Polls delay probe: Panna tigers’ disappearance
Posted On Friday, April 17, 2009
New Delhi, April 17: The elections have put on hold a number of important decisions in ministries and delayed action in various matters, the latest victim being the inquiry into the disappearance of the lone surviving tiger from Panna, the world famous reserve in Madhya Pradesh.
Though a Special Investigation Team (SIT) has been constituted to probe into the disappearance of the big cat from the world famous sanctuary, its members had not been able to visit the place so far as the local authorities were unable to provide logistical support to them because of the elections, a senior official of the National Tiger Conservation Authority told UNI.
The team had in fact been constituted in March itself when it came to light that the sanctuary, which was estimated to be having around 24 tigers in 2004-05, had lost almost all but one or two tigers.
Now after the latest report of the disappearance of the lone surviving tiger, the probe into it has been clubbed with the existing inquiry being conducted by the SIT.
The probe team would visit the sanctuary only after the elections are over.
The skewed sex ratio in the reserve had recently forced the authorities to translocate two tigresses from the Bandhavgarh sanctuary.
However, the disappearance of the only surviving tiger from the sanctuary had come as a shock to the wildlife lovers and authorities.

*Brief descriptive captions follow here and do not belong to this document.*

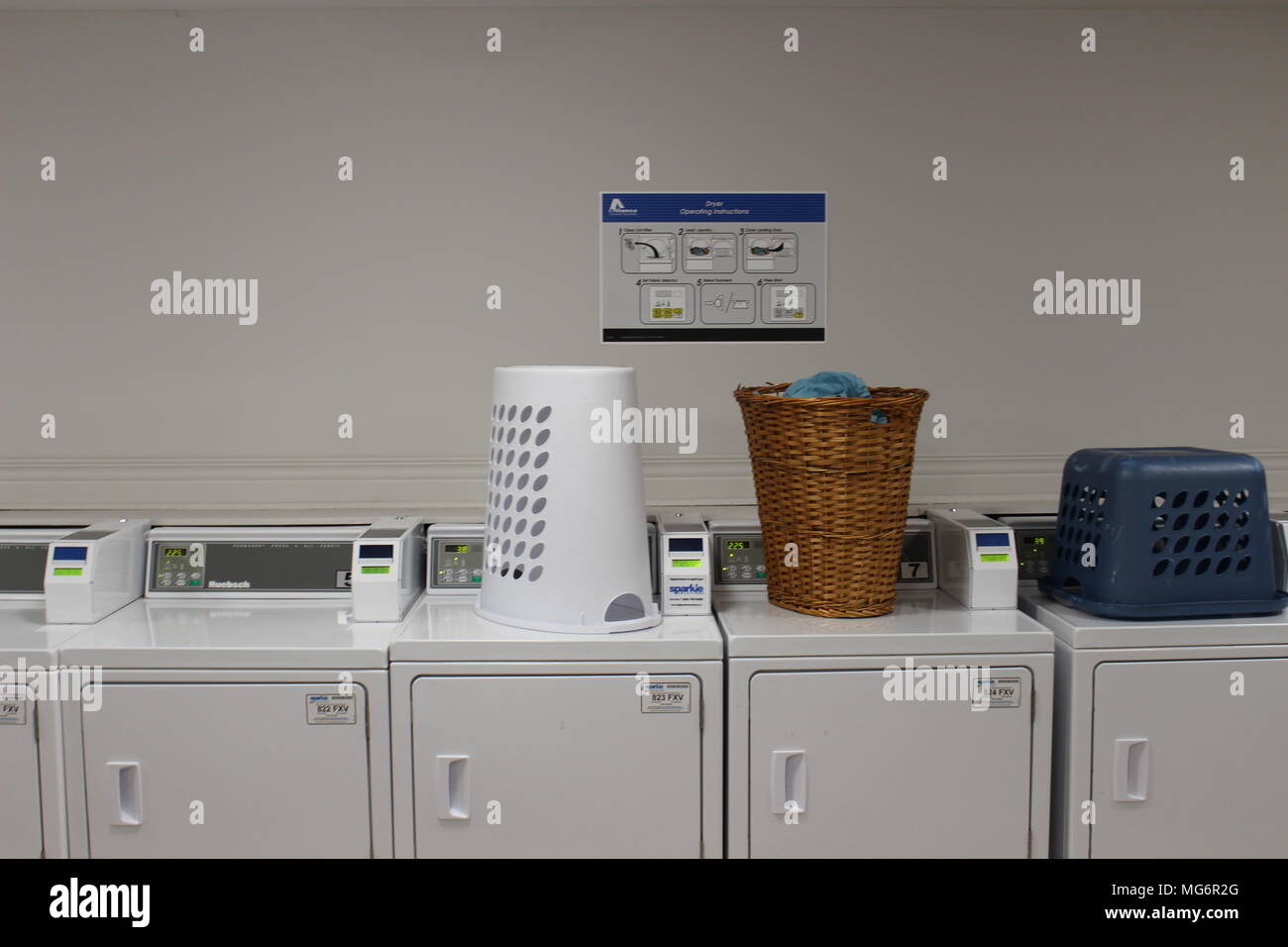 Powerful laundry machines and automatic dryers in big laundromat with a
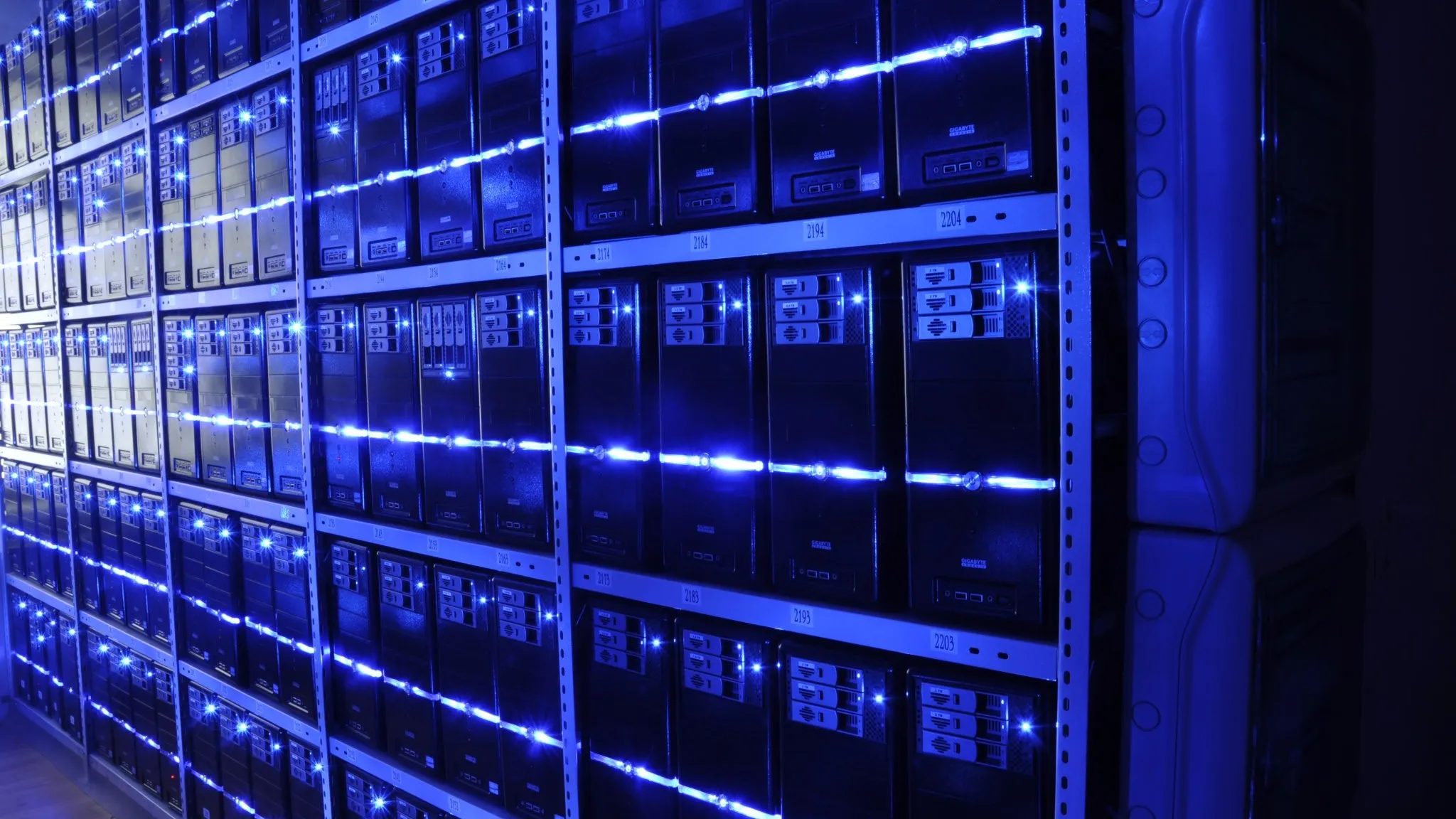Rows of servers in a data centre, lit blue, stacked from floor to ceiling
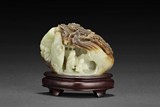 A PIERCE CARVED WHITE JADE SHANZI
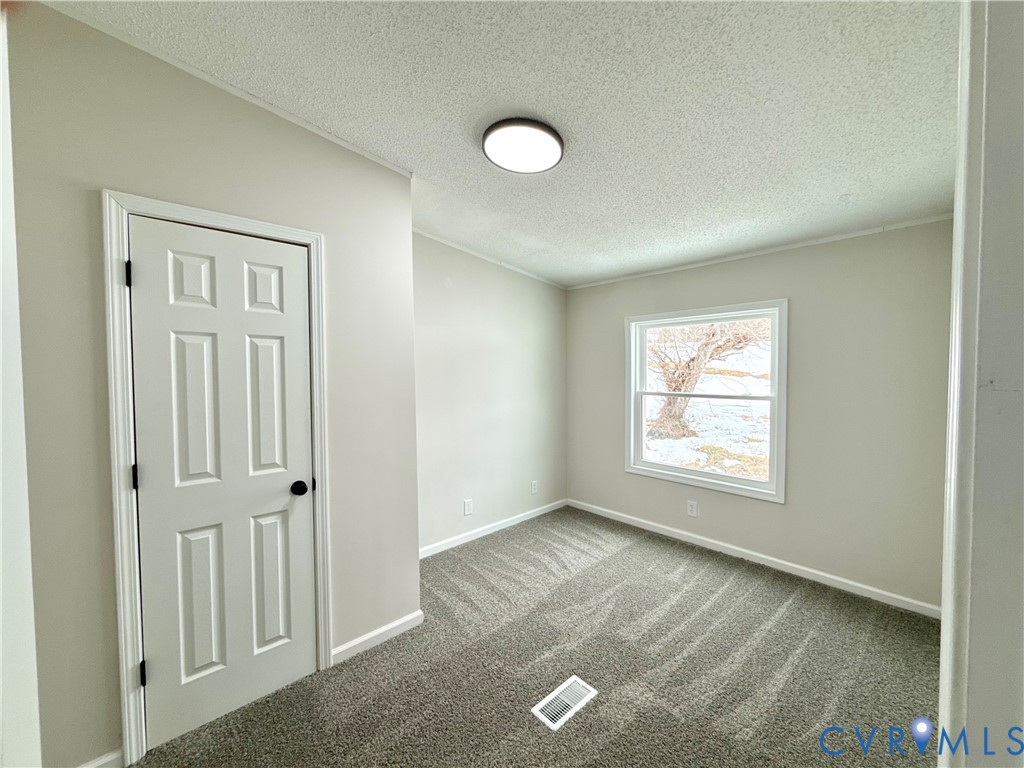 1500 Webster Road Glade Hill, VA 24092 - Photo 13 of 22 a view of an empty room with a window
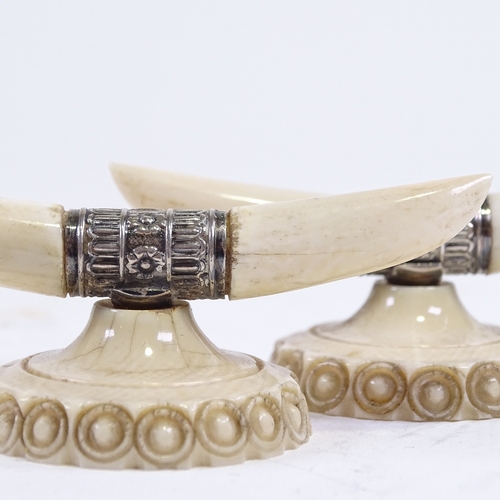 212 - A pair of ivory and silver knife rests, in the form of horns and carved base, width 7cm.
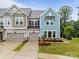Charming townhome showcasing craftsman-style architecture, a 2-car garage, and a landscaped yard at 8215 Houser St, Cornelius, NC 28031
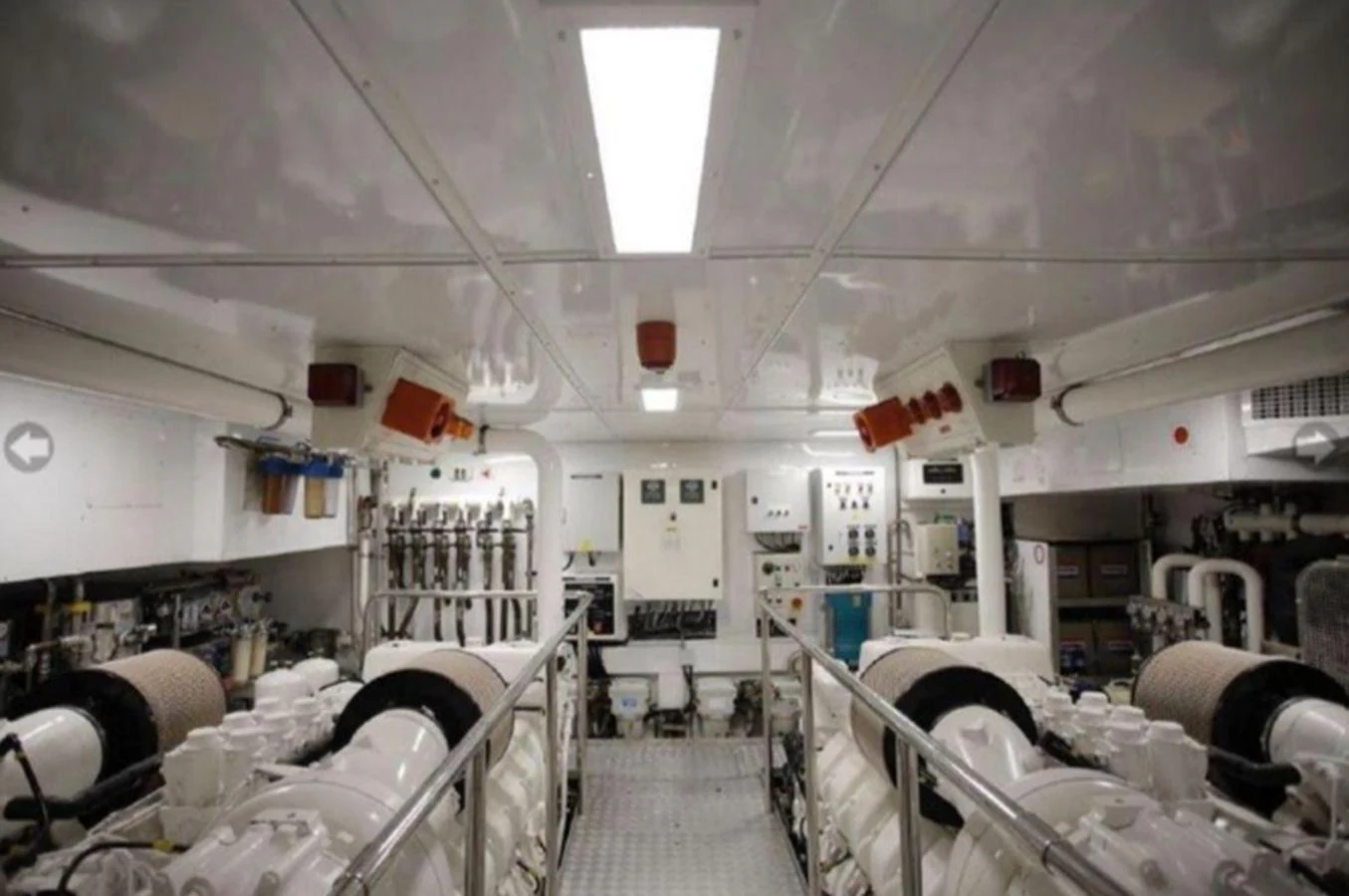 The yacht's engine room showcases advanced machinery and a well-organized layout. aboard RIVA 115 Yacht for Sale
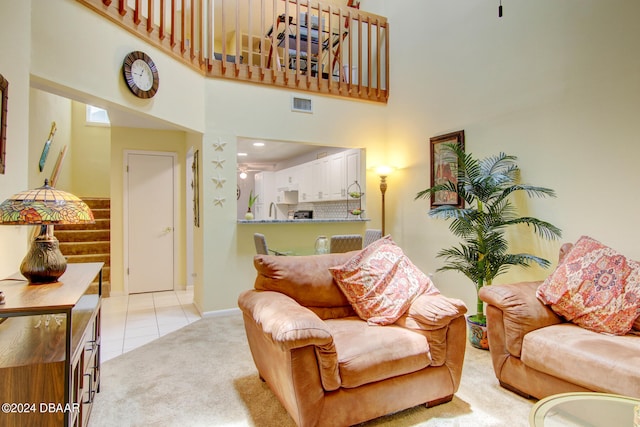 carpeted living room with a high ceiling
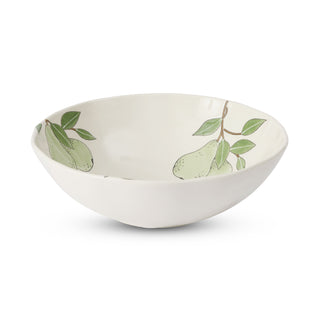 White ceramic bowl with green leaf pattern on a white background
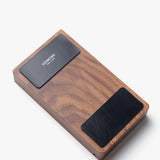The Magnet Kit (For Analog Card Holder) includes two black adhesive magnets with the Ugmonk logo, designed for use on the underside of your rectangular wooden card holder. Featured against a white background.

The decision to translocate the tigresses had been taken after the success of the experiment in Sariska, where the two tigers relocated from Ranthambhore tiger reserve were doing fine. The relocation was necessitated after it was found about four years ago that the sanctury had lost all its tigers.
Panna landscape, which covers an area of 3500 sq km and has two discrete tiger occupied areas of 787 and 187 sq km, was earlier believed to be sustaining around 24 tigers.